-- RECORD EXCERPTS follows --

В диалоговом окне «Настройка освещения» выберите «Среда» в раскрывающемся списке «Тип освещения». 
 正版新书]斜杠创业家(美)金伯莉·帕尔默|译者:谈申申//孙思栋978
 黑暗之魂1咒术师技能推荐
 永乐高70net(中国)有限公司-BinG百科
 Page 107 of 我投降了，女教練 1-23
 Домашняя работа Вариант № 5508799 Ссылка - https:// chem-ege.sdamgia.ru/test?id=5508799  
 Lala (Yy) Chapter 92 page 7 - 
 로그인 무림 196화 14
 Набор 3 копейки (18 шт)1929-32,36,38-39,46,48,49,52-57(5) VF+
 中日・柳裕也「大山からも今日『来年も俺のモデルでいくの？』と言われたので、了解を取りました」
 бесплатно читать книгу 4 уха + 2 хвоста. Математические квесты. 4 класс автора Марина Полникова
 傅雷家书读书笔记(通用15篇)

-- RECORD EXCERPTS concluded --

§ REQUIRED WORK
The records need to be reproduced in their entirety, word for word.

§ OUTPUT
В диалоговом окне «Настройка освещения» выберите «Среда» в раскрывающемся списке «Тип освещения». 
 正版新书]斜杠创业家(美)金伯莉·帕尔默|译者:谈申申//孙思栋978
 黑暗之魂1咒术师技能推荐
 永乐高70net(中国)有限公司-BinG百科
 Page 107 of 我投降了，女教練 1-23
 Домашняя работа Вариант № 5508799 Ссылка - https:// chem-ege.sdamgia.ru/test?id=5508799  
 Lala (Yy) Chapter 92 page 7 - 
 로그인 무림 196화 14
 Набор 3 копейки (18 шт)1929-32,36,38-39,46,48,49,52-57(5) VF+
 中日・柳裕也「大山からも今日『来年も俺のモデルでいくの？』と言われたので、了解を取りました」
 бесплатно читать книгу 4 уха + 2 хвоста. Математические квесты. 4 класс автора Марина Полникова
 傅雷家书读书笔记(通用15篇)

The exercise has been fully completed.